後ろを確認しながら足を止めて、数匹斬り殺してまた走る。
たまに休むけど、ほんとにしつこい奴らだ。
「これだけ仲間を切り殺されたら、こっちを仕留めるまで追いかけて来るか」
残りの数が二十匹になった時、俺は覚悟を決めて反撃に転じた。
この瞬間を待っていたのか、レッサーゴブリンは嬉々として向かってきたが、リーダー格はともかく他の個体はすでに走り疲れてるみたいだ。
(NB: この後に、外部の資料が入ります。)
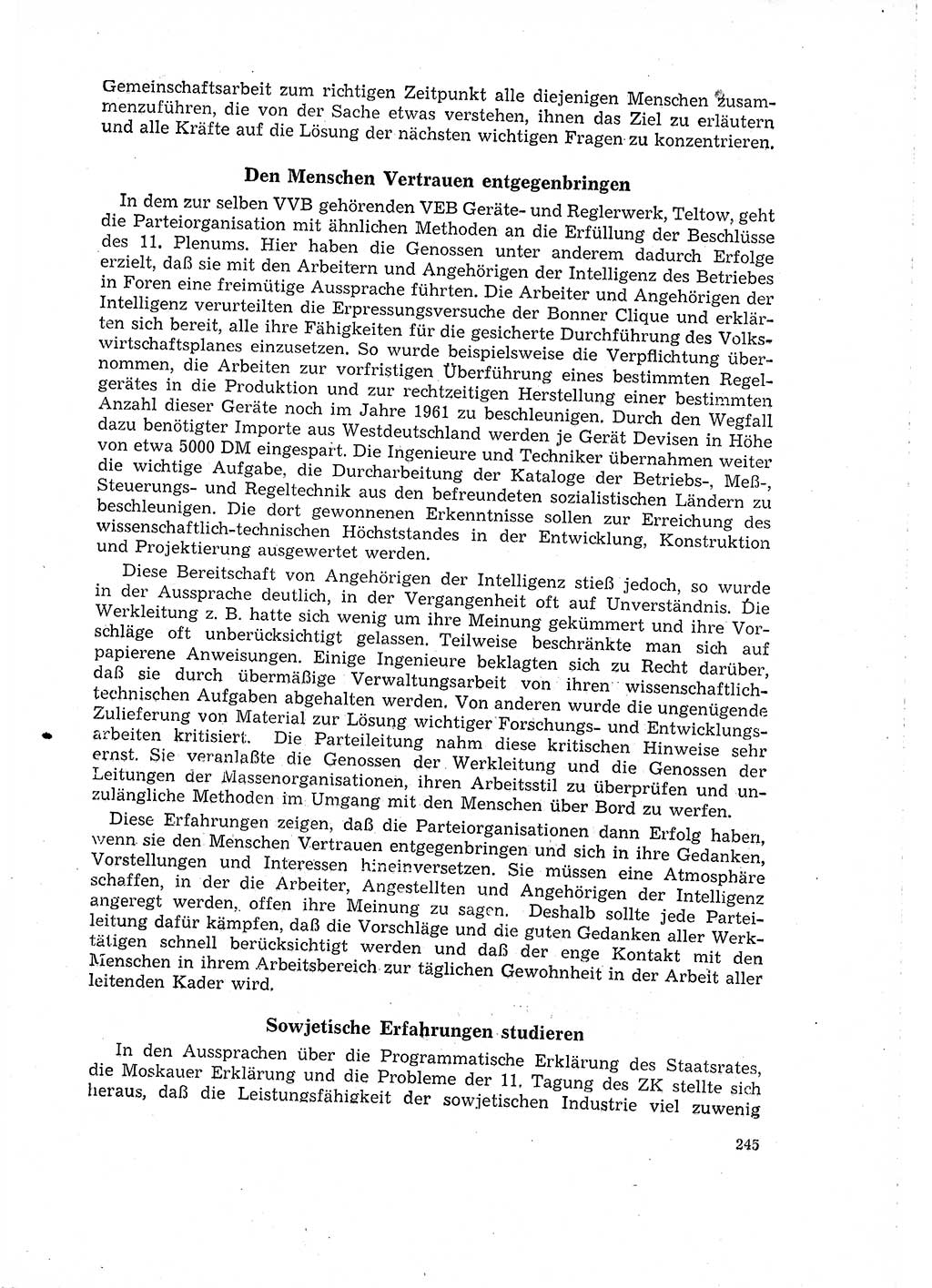 Neuer Weg (NW), Organ des Zentralkomitees (ZK) der SED (Sozialistische Einheitspartei Deutschlands) für Fragen des Parteilebens, 16. Jahrgang [Deutsche Demokratische Republik (DDR)] 1961, Seite 245 (NW ZK SED DDR 1961, S. 245)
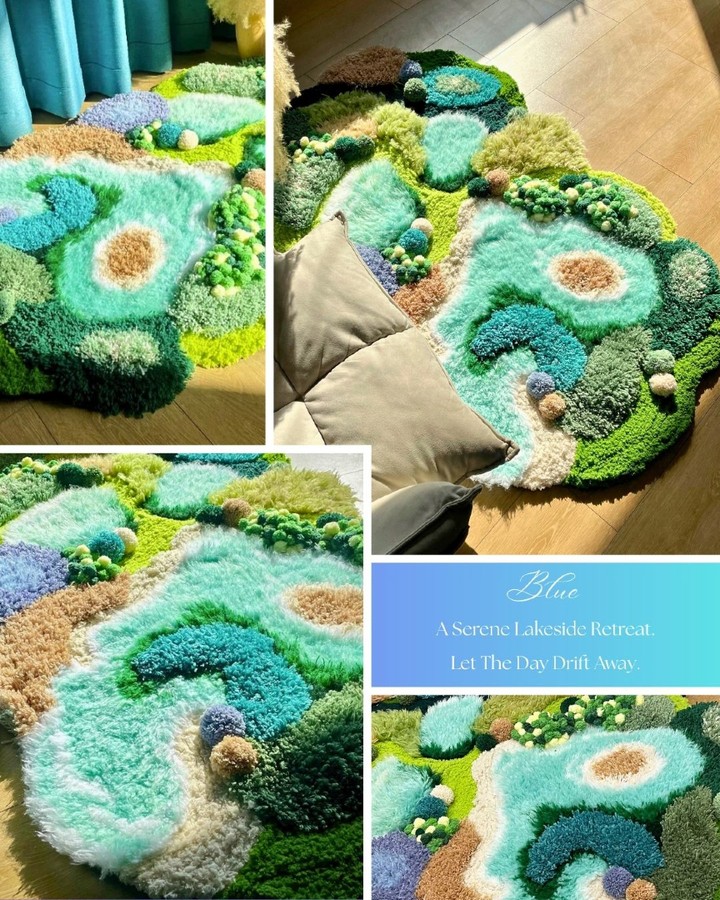 Think lakeside mornings and endless calm… Our blue moss rug is pure resort relaxation vibes 💦💙 Soft, soothing, and so fun to make – it’s like a mini vacation for your feet. 🛶✨
#DIYDecor #CraftAtHome #CozyLiving #HandmadeHome #BlueMossRug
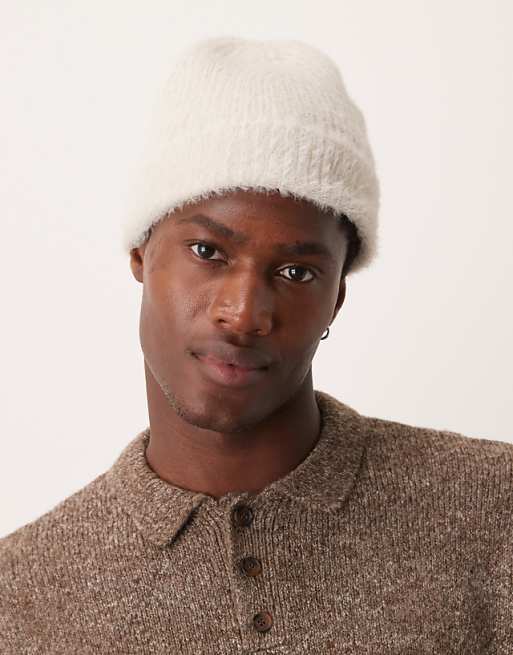 Asos Design Fluffy Beanie In Stone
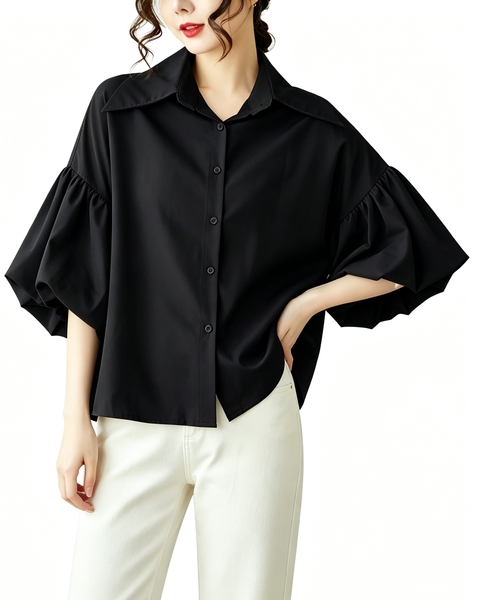 ellazhu Women's Oversized Button Down Lantern Sleeve Blouse Shirt GA2851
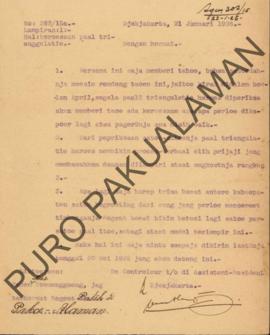 Surat dari Kontrolur Asisten Resident Yogyakarta kepada Raden Mas Toemanggoeng Regent Patih di Pa...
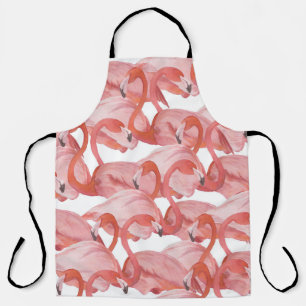 Flamingo Waterverf: Naadloos Patroon Schort
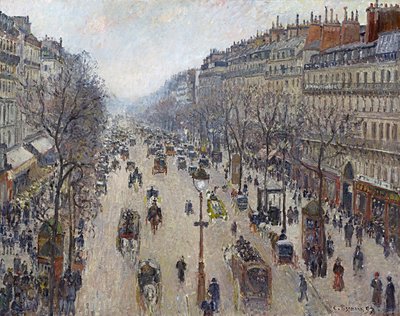 Boulevard Montmartre, ochtend, bewolkt weer door Camille Jacob Pissarro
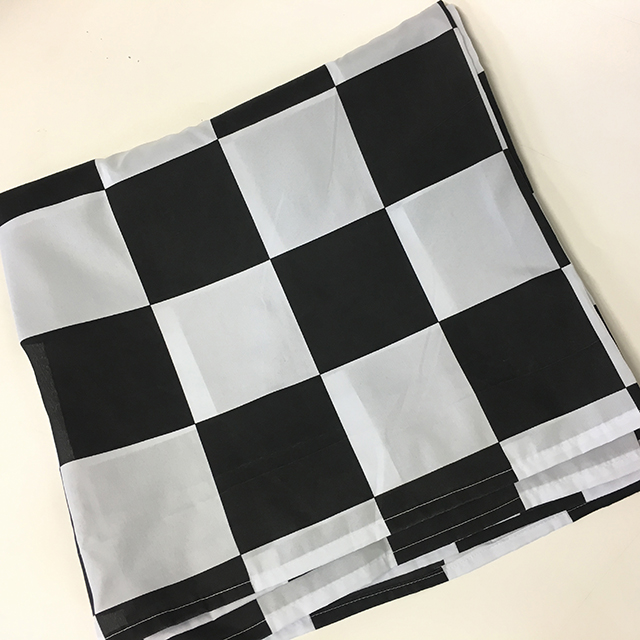 TABLECLOTH, Black & White 10cm Check - 150cm Square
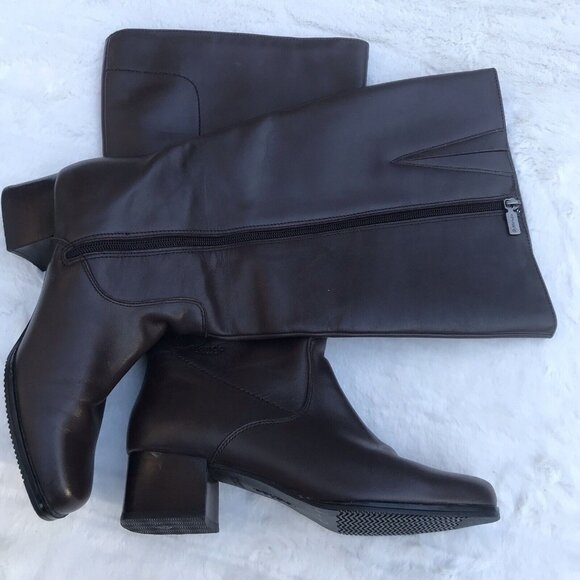 BLONDO SZ 8.5B  BROWNS LEATHER WINTER KNEE HIGH BOOTS LINED WATERPROOF US WOMENS - Picture 5 of 9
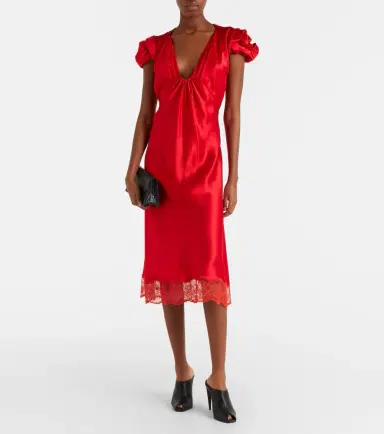 McQueen Lace-trimmed satin midi dress | Thumbnail 3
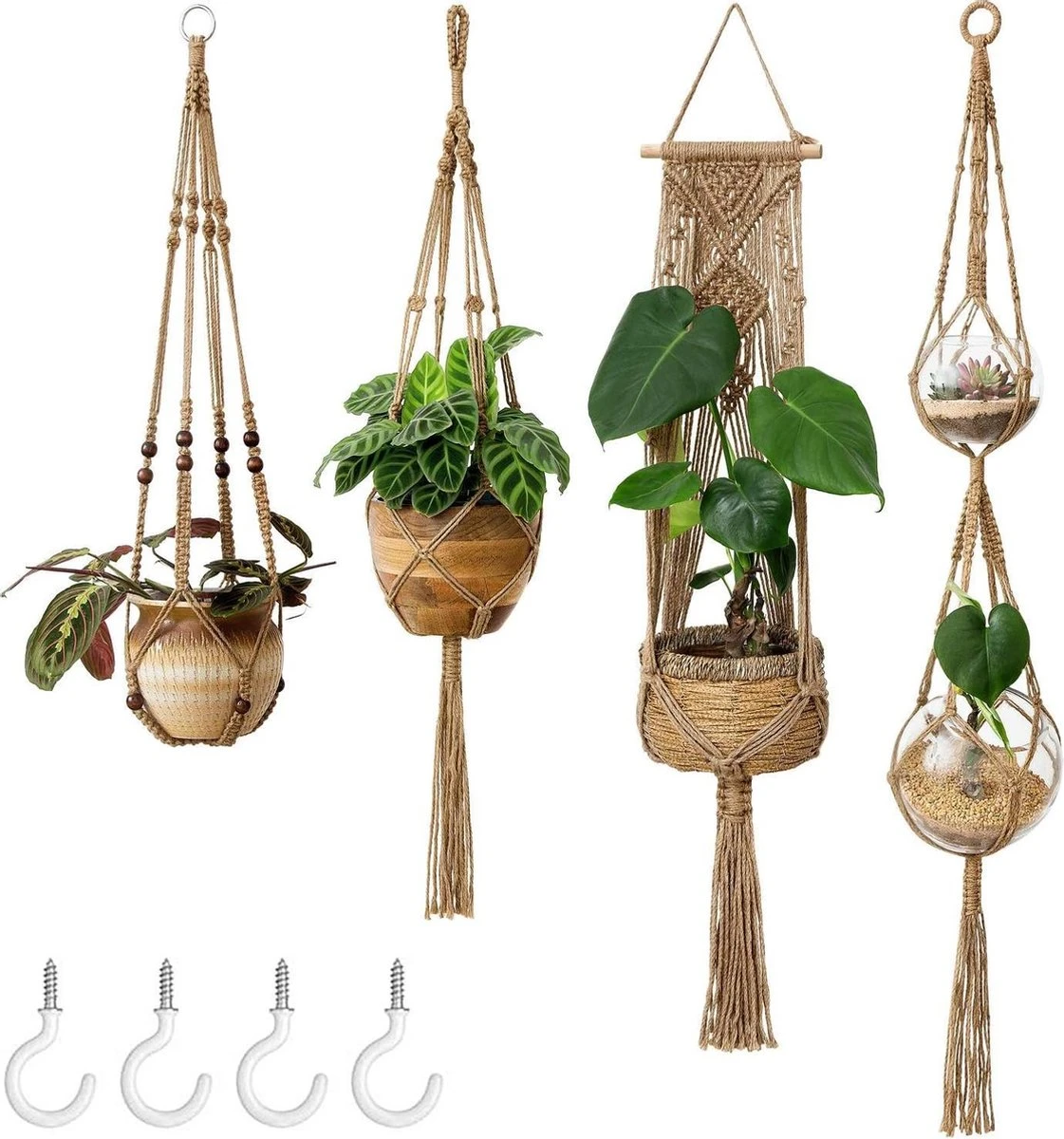 4 Stuks Plantenhangers - Boho Handgeweven Katoen Hangpot Voor Binnen/Buiten - Bloempot Met Kralen - Macramé Touw/Koord Hangplant Houder - Bohemian Wandhanger Decoratie - Verticale Tuin Plant Hanger Bloempothouder Planthanger 1 4 Stuks Plantenhangers - Boho Handgeweven Katoen Hangpot Voor Binnen/Buiten - Bloempot Met Kralen - Macramé Touw/Koord Hangplant Houder - Bohemian Wandhanger Decoratie - Verticale Tuin Plant Hanger Bloempothouder Planthanger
リーダー格のレッサーゴブリンは少しだけ強かったけど、俺は何とか追いかけて来たレッサーゴブリンの群れの撃退に成功した。
こうして、俺のダンジョン探索初日は終了する。
【レベルが上がりました】
頭の中にファンファーレが響き、レベル二になった事を知らせてくれた。
レベルアップ時に生命力と魔力は全快する。だけど欠損とかは何故かそのままなんだよな。
生命力は最大値まで回復するのにさ。っていうか、生命力ってホントなんなんだろうね?